_Records to process_:
/---

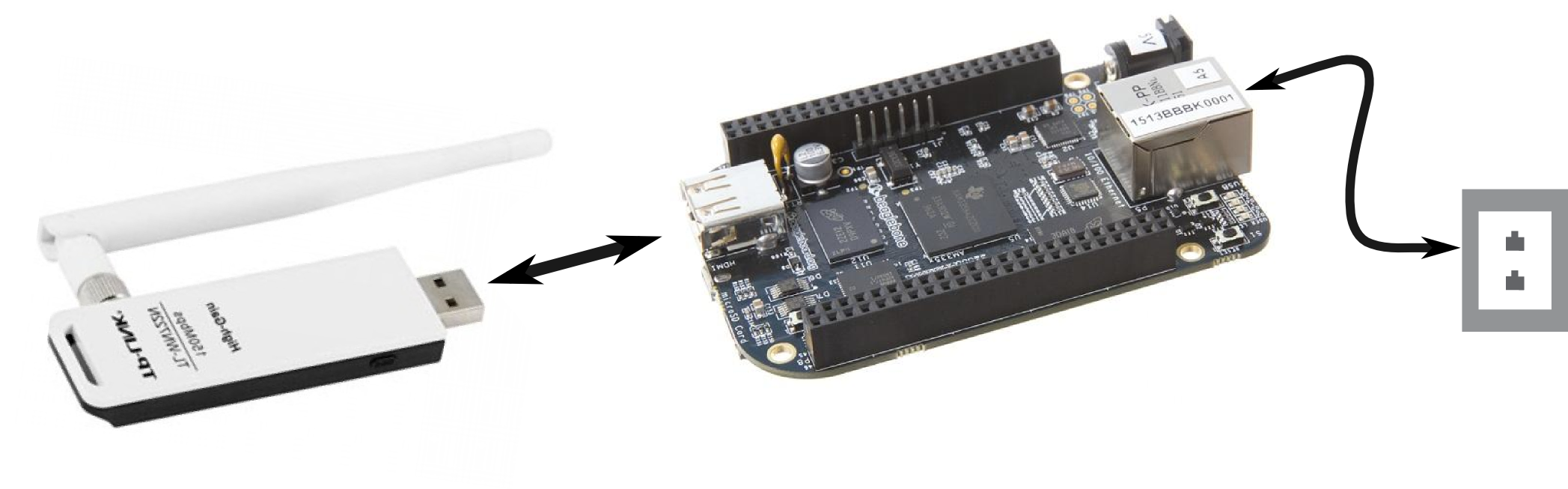 BeagleBone Black Being connected to an antenna and ethernet jack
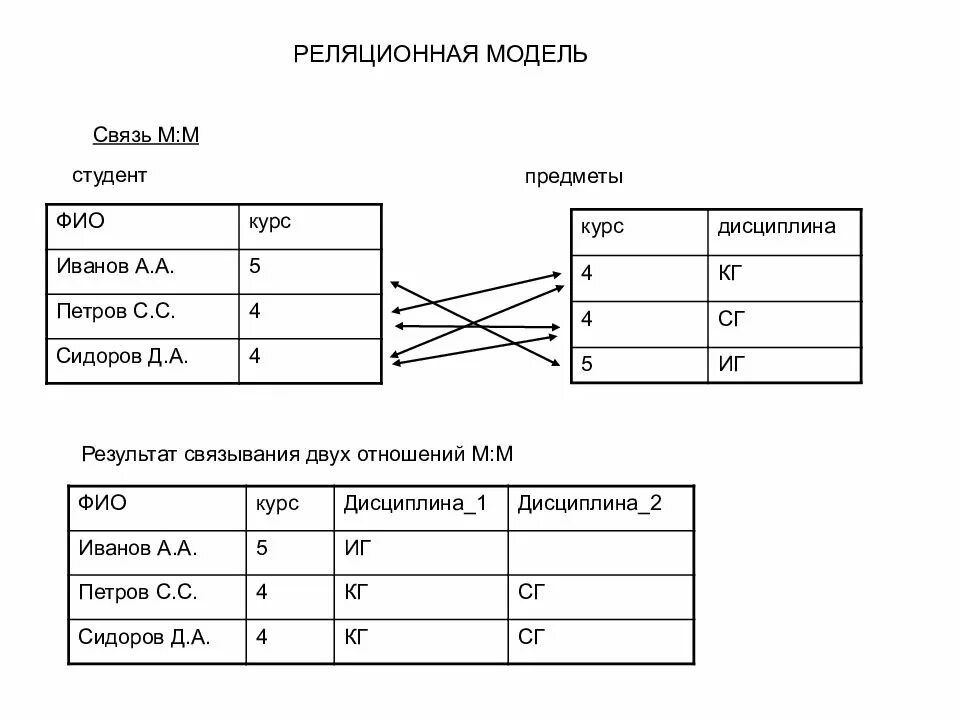 Реляционная организация данных. Реляционная база данных схема. Реляционная модель данных БД. Реляционная модель баз данных схема. Реляционная СУБД схема.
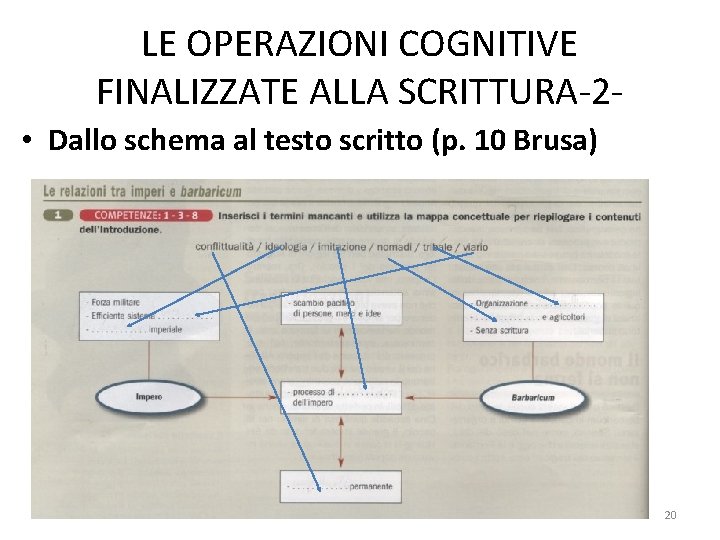 LE OPERAZIONI COGNITIVE FINALIZZATE ALLA SCRITTURA-2 • Dallo schema al testo scritto (p. 10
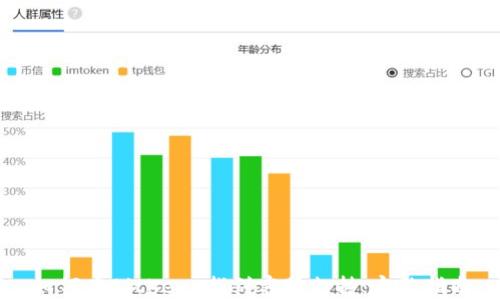 如何在BitKeep找到客服支持:完整指南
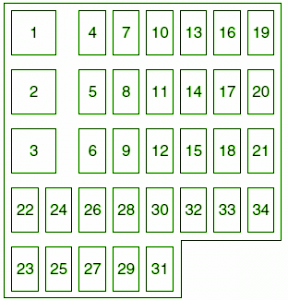 2003 Mazda Atenza Passenger Fuse Box Diagram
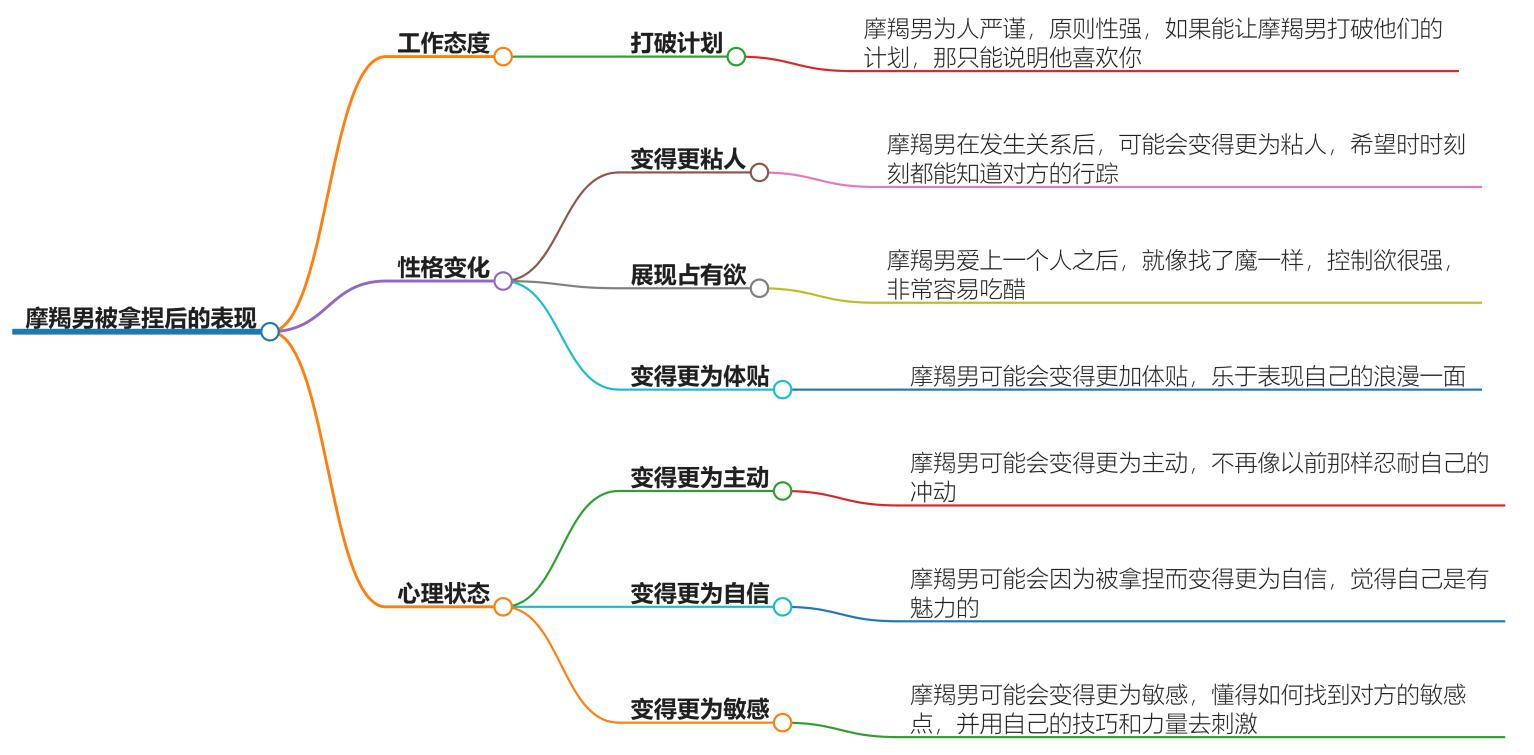 摩羯男被拿捏后的表现，探寻摩羯男被压制后的真实反应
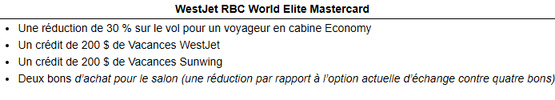 RBC et WestJet offrent une plus grande souplesse et un meilleur potentiel d’accumulation de points grâce à une nouvelle gamme de cartes de crédit personnelles Mastercard comarquées RBC et WestJet offrent une plus grande souplesse et un meilleur potentiel d’accumulation de points grâce à une nouvelle gamme de cartes de crédit personnelles Mastercard comarquées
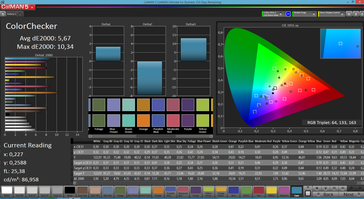 ColorChecker (target color space: AdobeRGB)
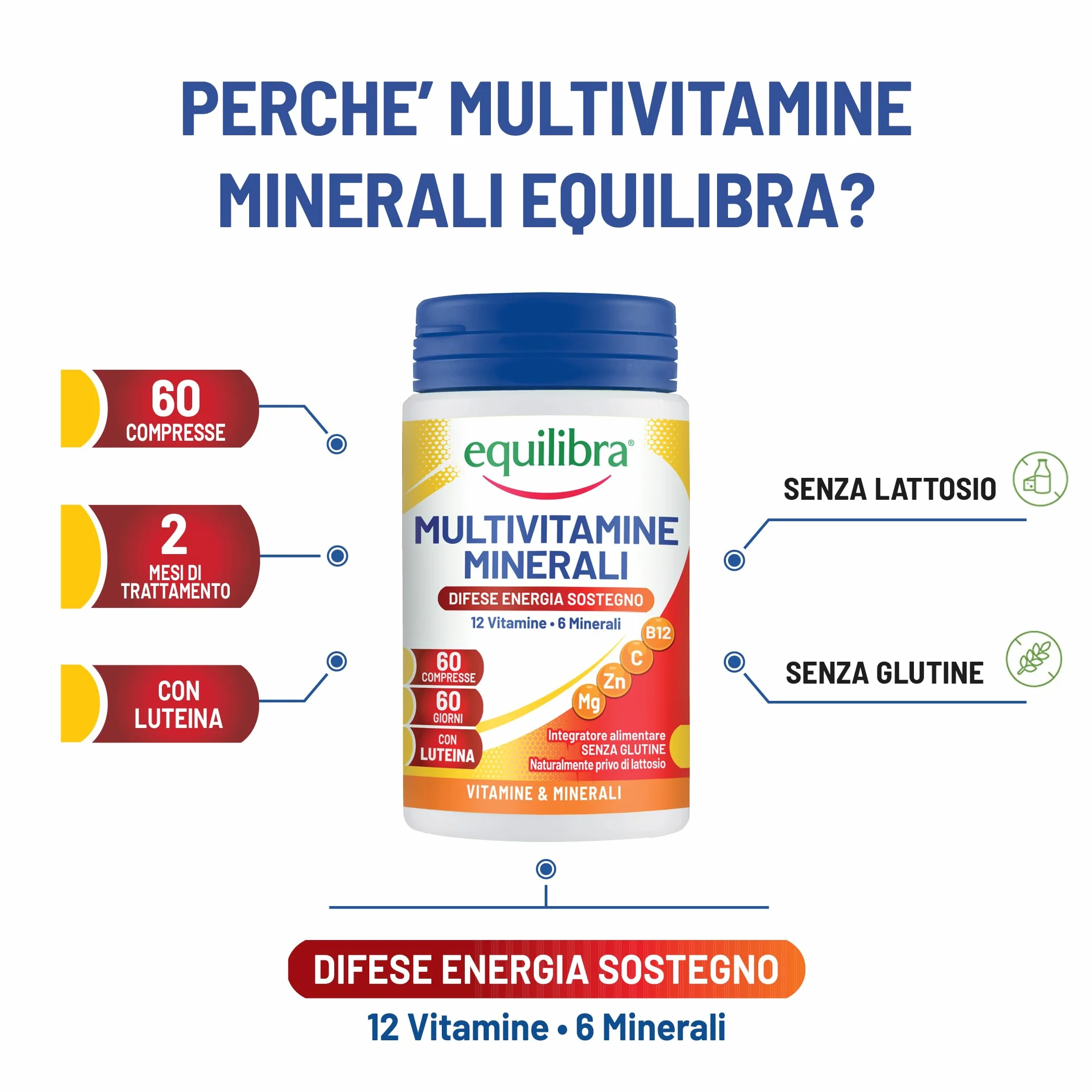Equilibra Multivitamine e Minerali 12 Vitamine 6 Minerali Luteina 60 Compresse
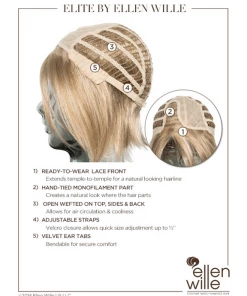Ellen Wille Elite SYNTHETIC WIGS 17 Ellen Wille Elite SYNTHETIC WIGS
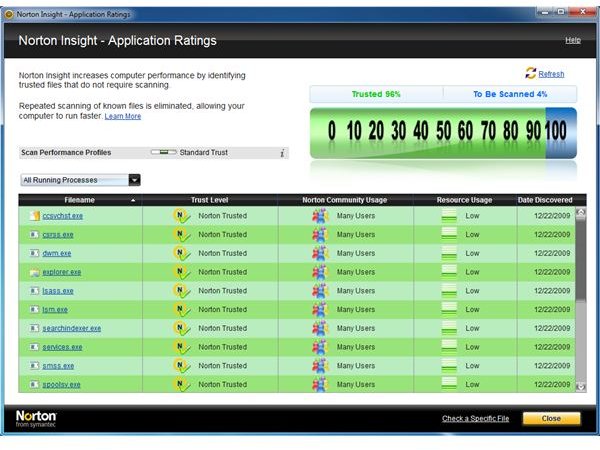 Norton Insight - Application Ratings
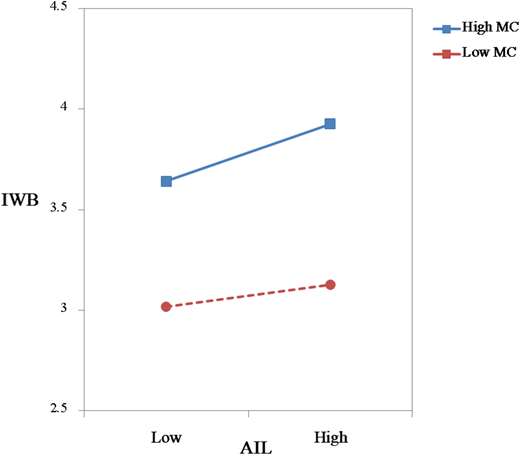 A line graph showing the moderating effect of metacognition on the relationship between AI literacy and innovative work behavior.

\---

_Exercise brief_: Word for word, print all of the data; skip the pictures.

_Your response_:
 BeagleBone Black Being connected to an antenna and ethernet jack
 Реляционная организация данных. Реляционная база данных схема. Реляционная модель данных БД. Реляционная модель баз данных схема. Реляционная СУБД схема.
 LE OPERAZIONI COGNITIVE FINALIZZATE ALLA SCRITTURA-2 • Dallo schema al testo scritto (p. 10
 如何在BitKeep找到客服支持:完整指南
 2003 Mazda Atenza Passenger Fuse Box Diagram
 摩羯男被拿捏后的表现，探寻摩羯男被压制后的真实反应
 RBC et WestJet offrent une plus grande souplesse et un meilleur potentiel d’accumulation de points grâce à une nouvelle gamme de cartes de crédit personnelles Mastercard comarquées RBC et WestJet offrent une plus grande souplesse et un meilleur potentiel d’accumulation de points grâce à une nouvelle gamme de cartes de crédit personnelles Mastercard comarquées
 ColorChecker (target color space: AdobeRGB)
Equilibra Multivitamine e Minerali 12 Vitamine 6 Minerali Luteina 60 Compresse
Ellen Wille Elite SYNTHETIC WIGS 17 Ellen Wille Elite SYNTHETIC WIGS
 Norton Insight - Application Ratings
 A line graph showing the moderating effect of metacognition on the relationship between AI literacy and innovative work behavior.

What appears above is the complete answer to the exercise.